**Exercise input**
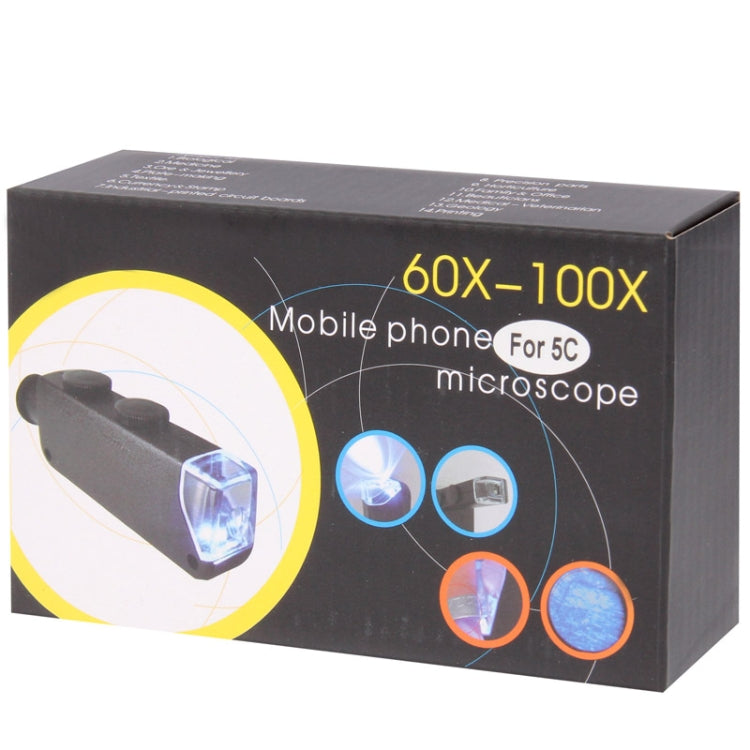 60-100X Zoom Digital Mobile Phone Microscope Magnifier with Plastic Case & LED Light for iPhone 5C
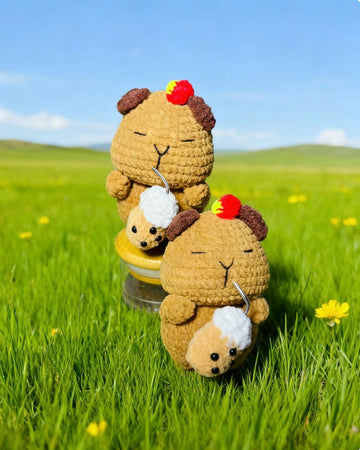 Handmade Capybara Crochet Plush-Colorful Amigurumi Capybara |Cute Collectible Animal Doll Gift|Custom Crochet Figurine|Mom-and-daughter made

---

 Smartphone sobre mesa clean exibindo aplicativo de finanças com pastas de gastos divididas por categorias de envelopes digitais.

...

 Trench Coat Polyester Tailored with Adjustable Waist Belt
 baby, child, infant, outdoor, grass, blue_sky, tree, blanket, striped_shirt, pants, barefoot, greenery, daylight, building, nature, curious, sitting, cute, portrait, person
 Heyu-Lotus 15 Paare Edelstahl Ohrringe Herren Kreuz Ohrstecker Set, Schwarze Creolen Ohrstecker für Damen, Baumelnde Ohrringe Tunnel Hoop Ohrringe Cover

**The task**
Return the material from the line containing "60-100X Zoom Digital" through the line containing "Handmade Capybara Crochet", exactly and in full, but without its pictures.

**Solution to this problem**
 60-100X Zoom Digital Mobile Phone Microscope Magnifier with Plastic Case & LED Light for iPhone 5C
 Handmade Capybara Crochet Plush-Colorful Amigurumi Capybara |Cute Collectible Animal Doll Gift|Custom Crochet Figurine|Mom-and-daughter made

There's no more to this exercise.